What follows is not a set of answers. It is a set of questions any utility, EPC, or manufacturer should be able to answer about its own operation before the volume arrives. The readiness gap, where it exists, is the distance between how these questions are answered today and how they will need to be answered at scale.
First: how long does information take, relative to how long materials take? In most of this industry the equipment ships directly from the manufacturer to the site. The information required to authorize, coordinate, and document that equipment travels a far longer path…through quotes, terms, approvals, re-keyed orders, and follow-up that no single party fully sees. When the physical supply chain is faster than the informational one, the bottleneck is not the factory or the freight. It is the paperwork. At low volume that lag is absorbed. At sustained high volume it accumulates, and it accumulates fastest on exactly the long-lead, high-value equipment the build-out depends on.
Second: how is trust established, and does it scale? Industrial trade has historically resolved the question of whether a counterparty is real and can deliver by routing it through individual relationships. Someone in the middle who knows both ends and vouches for each. That mechanism is robust but it does not scale. It is bounded by how many relationships a given set of people can personally hold. A build-out that pulls in new manufacturers, new capacity, and new entrants faster than relationships can form will expose the limit of relationship-bounded trust. The question is whether trust can be established at the level of the network rather than the individual.
Third: who can see the whole transaction? Friction concentrates wherever no party has a complete view. Where specifications, capabilities, availability, and status live in separate systems and separate inboxes, reconciled by hand. Visibility is not a convenience. It is the precondition for speed, for accurate risk, and for the elimination of the rework that quietly consumes a large share of procurement effort. An operation in which no one holds the full picture will not move at the speed the build-out demands, regardless of how much capacity is added elsewhere.
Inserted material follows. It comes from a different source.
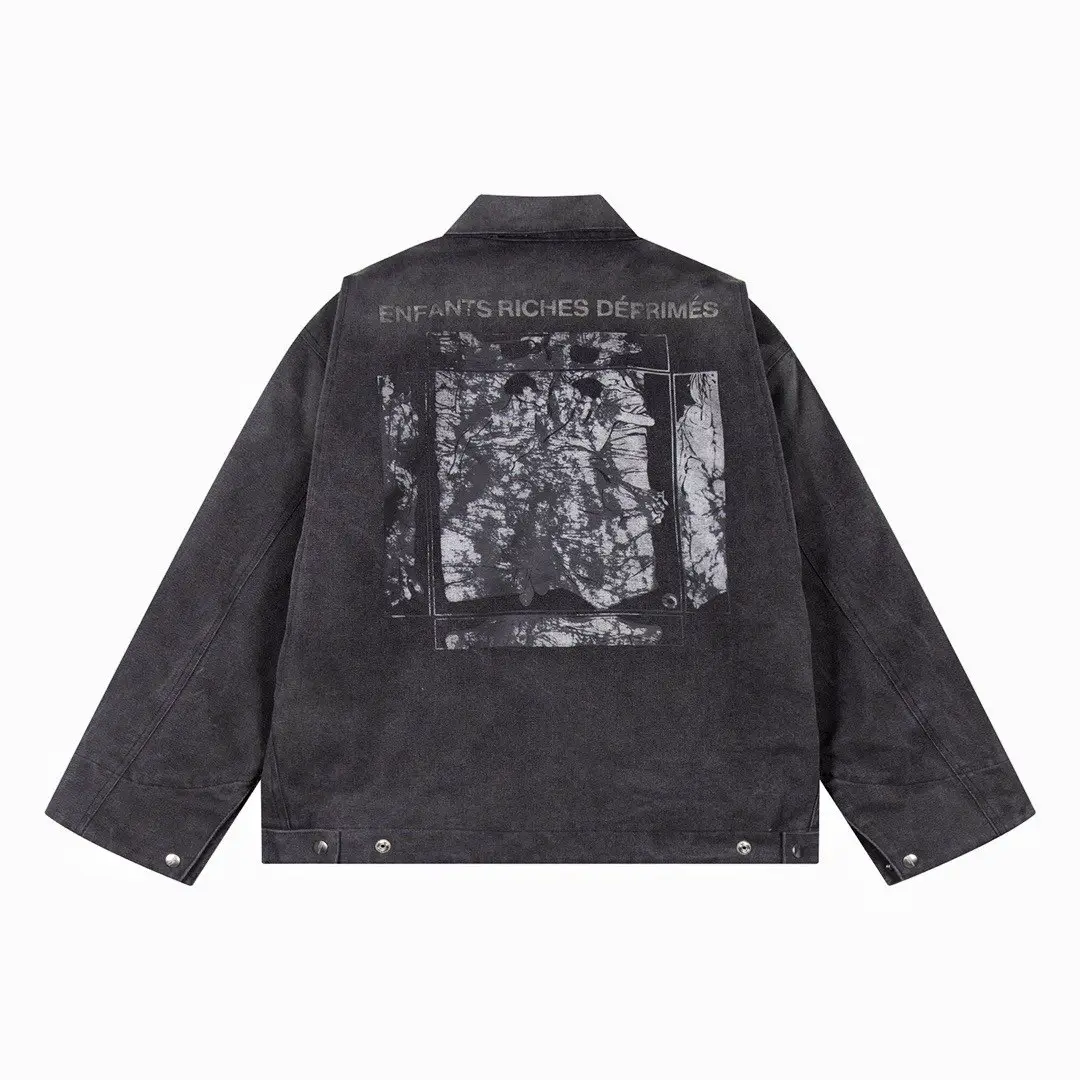 Erd, the Melancholic Rich Second-Generation Son, 25Ss New Model Detroit Lapel Canvas Distressed American Trendy Retro Denim Jacket ins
Fourth: what carries the coordination; people or infrastructure? Every order of any complexity requires coordination. Matching what is needed to what can be delivered, answering routine questions against the real documentation, and keeping the parties aligned as conditions change. Where that coordination is performed by people, capacity is capped by headcount and degraded by turnover, and cost rises in direct proportion to volume. Where it is carried by infrastructure, capacity is a function of the system. An industry about to multiply its transaction volume should know which of these describes its own operation.
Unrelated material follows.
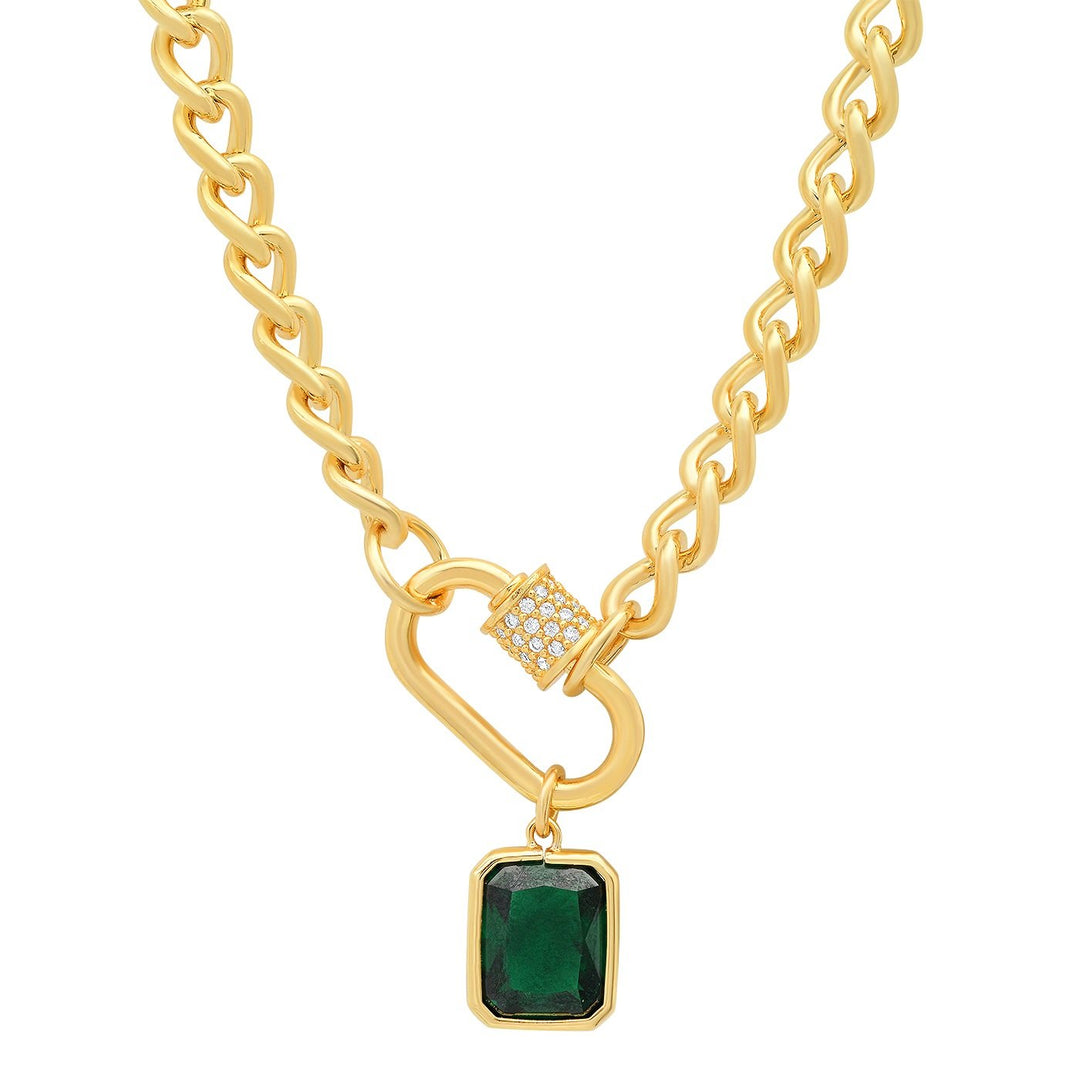 PAVE LOCK AND EMERALD CHARM NECKLACE - Kingfisher Road - Online Boutique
These four questions (the speed of information relative to materials, the scalability of trust, the completeness of visibility, and what carries coordination) are not independent. They describe a single underlying condition: whether an operation organized around intermediation can withstand a sustained increase in scale, or whether intermediation, robust under the old conditions, becomes the constraint under the new ones.
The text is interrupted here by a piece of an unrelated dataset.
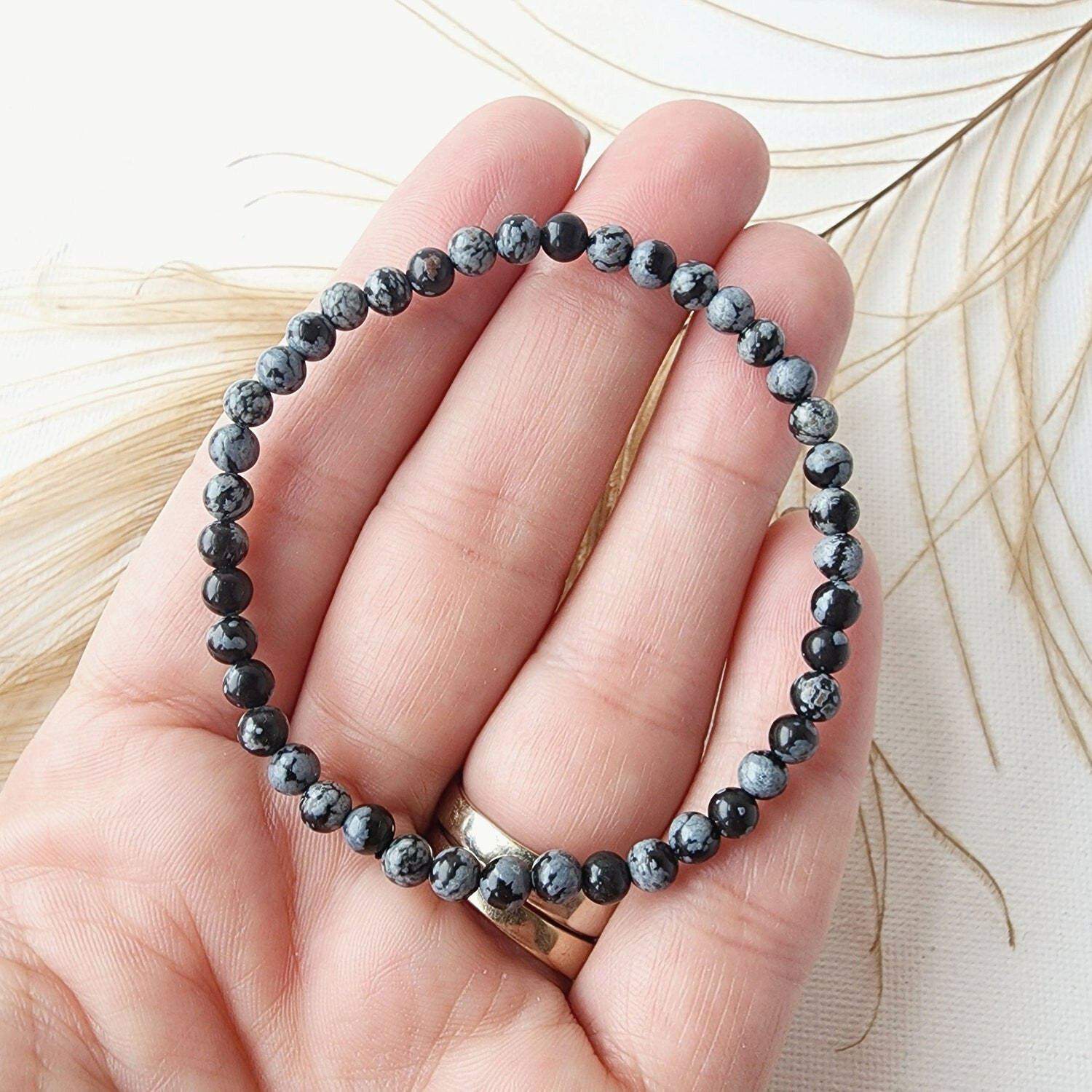4mm Natural Snowflake Obsidian Beads Healing Crystal Stretch Women Men Bracelet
The answer will differ by organization. But the build-out will not wait for the answer, and it will not be forgiving of the gap. The parties that close it early will build at a pace and cost the others cannot match. That is not a prediction about technology. It is the ordinary arithmetic of removing a constraint from a system under load.
The grid is being rebuilt. The question each organization should be asking is whether the way it buys was built for the same scale, demonstrates prudence and improves execution outcomes.